1年間の留学を終えてみて

Chikamasa Wakabayashi
JISS blog
Published in
6 min readApr 5, 2016

先月末にバンコクから日本に帰国しました。1年を通してインドネシアを除く全てのASEAN10か国を訪れ、そこで「元国費留学生」約355名にインタビューすることができました。(インドネシアを訪問する日にテロが起きたため渡航を中止したため)今回の調査でお会いした元国費留学生は総じて母国で大学の先生やビジネスマンとして活躍していました。
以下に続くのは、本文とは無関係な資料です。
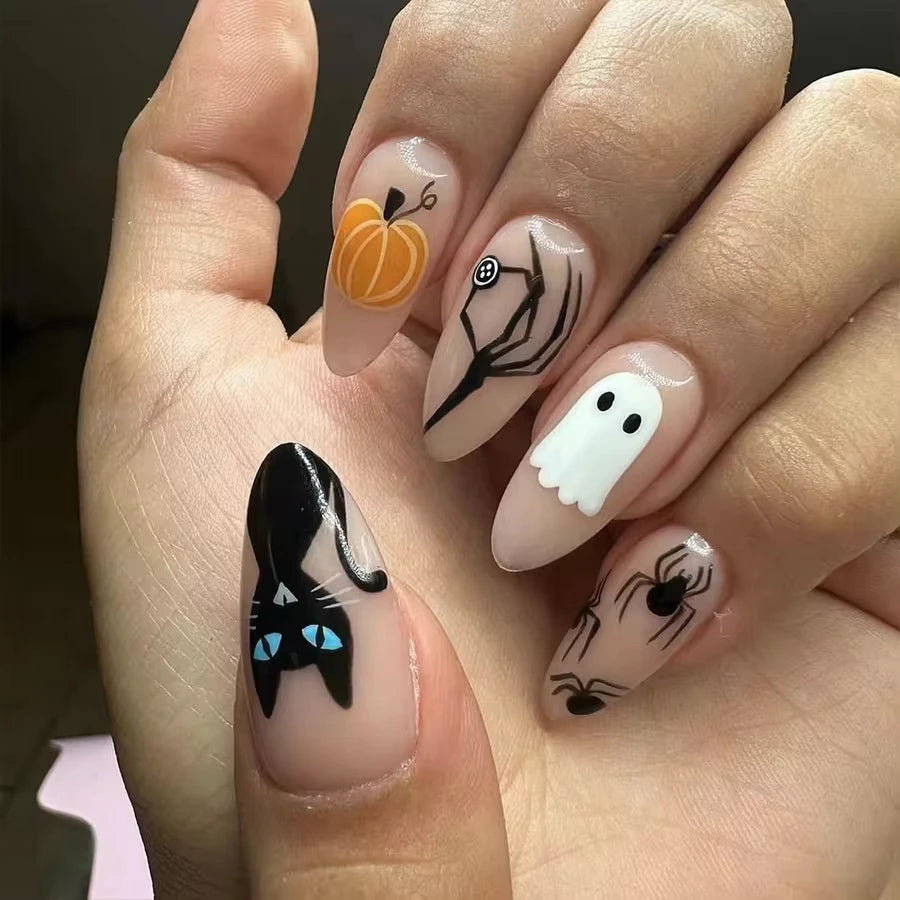 Halloween-themed nail art on a hand with pumpkins, ghosts, and cats.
シンガポールを除いて他のASEAN諸国で「日本留学をしたい人数は増加する」「日本留学する人数も増加する」と答える傾向が強く、その理由はもちろんそれぞれ違うのですが「地理的・文化的に欧米は遠い」「英語は皆んな話せるので別の言語を使う先進国に行きたかった」「研究技術が高い」という声が大きかったです。その中でQS世界大学ランキングやTIMES世界ランキングが発表するランキングの影響力が強まったこともあり、日本の大学レベル低下を心配する声も聞くことができました。

また日本留学の現状を少し理解することができました。長くなりますが6点にまとめました。
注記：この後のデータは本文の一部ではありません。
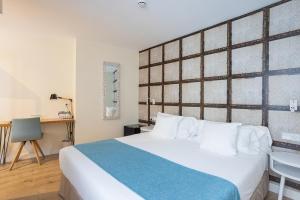 马拉加麦迪瑞奈酒店的卧室配有一张白色大床和一张书桌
①日本留学は世界的に選ばれているのではなく、アジア地域の中から選ばれています。JASSOの外国人留学生の構成比を見るとアジア出身者が多いことが分かります。

②政府と民間企業が抱える事情が異なる。
日本政府は外国人留学生を卒業後に日本で就職してもらう目的を立て、各大学に外国人留学生の人数を増加させようとしています。しかし、独立行政法人労働政策研究・研修機構(JILPT)の「企業における高度外国人材の受入れと活用に関する調査」によると外国人を採用する意欲があるのは日本企業の一部であること、採用する企業(主に大手企業)であっても採用人数が限定的であることが分かりました。
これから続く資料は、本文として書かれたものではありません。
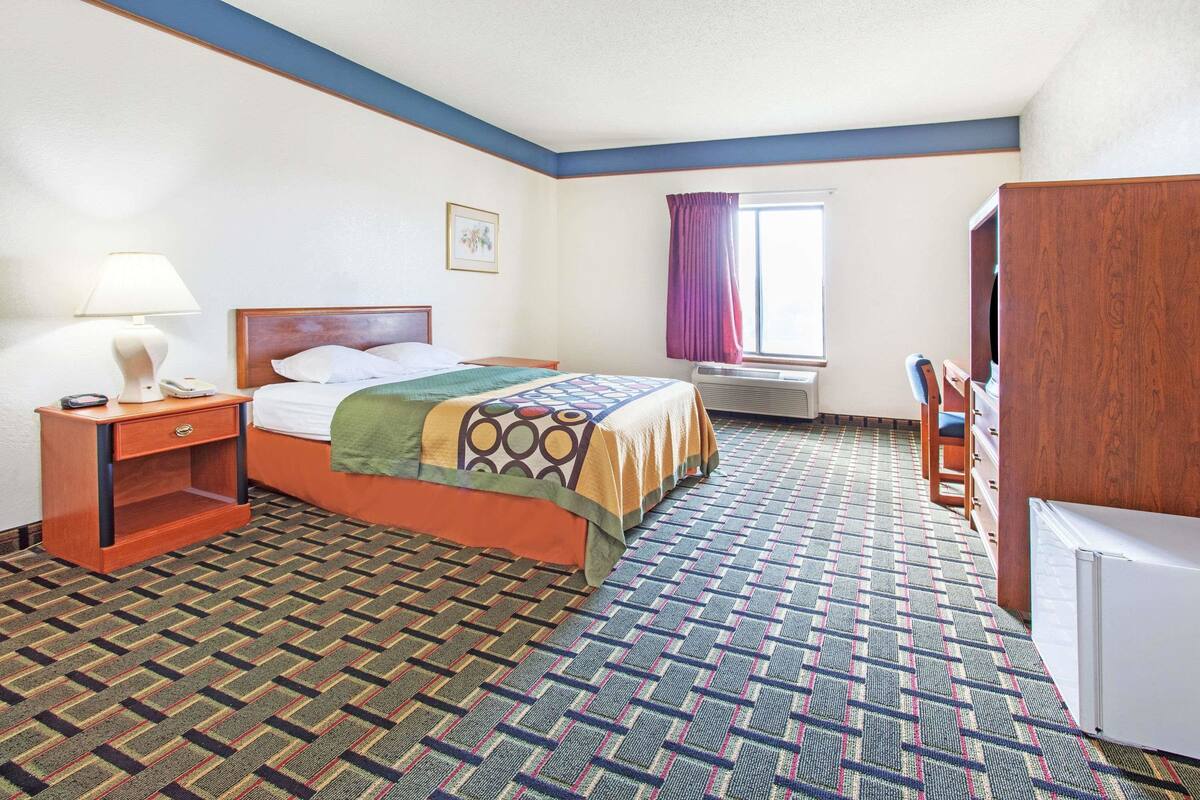 Habitación de hotel con cama, mesita de noche, escritorio, silla, ventana con cortinas y radiador.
③企業が求める日本語能力はN1(日本語能力検定1級)
訪問した国で日系企業に理由を聞いていくと、日本企業は日本企業同士で取引関係にあるから営業や電話なども当然日本語になってしまうからだと仰ってました。一方で、日本人の言語能力(英語と現地語)が低い・努力していないのも大きな問題だとも聞くことができました。

④外国人留学生が日本で就職したがらない
主な理由としては、無意味な長時間労働、人事評価が不透明、仕事内容が曖昧、永住権ビザの取得が難しいなどがありました。個人的、これらの問題は企業がまだ外国人を雇用した経験が少なく、どうしたらいいのか分からない状態にあるのかなと思ってます。次の世代、その次の世代になれば経験値が溜まり解決していく気がしています。なぜなら、1980年代から似た問題は今日まで話し合われており徐々に社会が変わりつつあると感じているからです。
外国人を雇用することは企業が持つ戦略に基づいて欲しい人材を雇用していくと思うので、雇用する企業もあれば雇用しない企業が出てくる予想されます。つまり、各企業が外国人を雇用したいと思えば雇用すれば良いし、する必要がないのであればしなくても良いと思っています。ただし、企業が雇用すると決めたらしっかりと受け入れ体制を整備しないといけません。

⑤欧米諸国と比べて外国人留学生誘致体制が弱い

⑥アジア地域における高等教育のハブ化が進んでいる
ASEAN(東ティモールも含む)には、東アジア教育大臣機構(SEAMEO)があります。教育改革センター(INNITECH、フィリピン)、理数教育センター(RECSAM、マレーシア)、高等教育センター(RIHED、タイ)、熱帯生物学センター(BIOTROP、インドネシア)など、域内に19のセンターを持っています。
このSEAMEO-RIHEDでは、政府間の合意を基にAIMS(ASEAN International Mobility for Students Programme)、東アジアにおける学生の移動を活発化していくプログラムがあり、広島大学、早稲田大学、上智大学、東京農工大学、筑波大学などが参画しています。また、中国や韓国が参加する方向で進んでいるようです。

これ以外にも、ASEAN UNIVERSITY NETWORKや各国が協定を結びに来たり、奨学金に当てる基金を設立したりして誘致政策を実施していました。

バンコクには、日本の大学が43校事務所を構えており今後より東南アジアと日本の学術交流が進んでいく雰囲気がありました。

結局、進路をどうするのか結論が出ないままだし、、、身になったのか身になっていないのかよく分からない1年でしたが自分の興味がある分野を全力で調査できたこと、たくさんの元国費留学生に会えたことは何事にも代えがたい経験になったと思います!!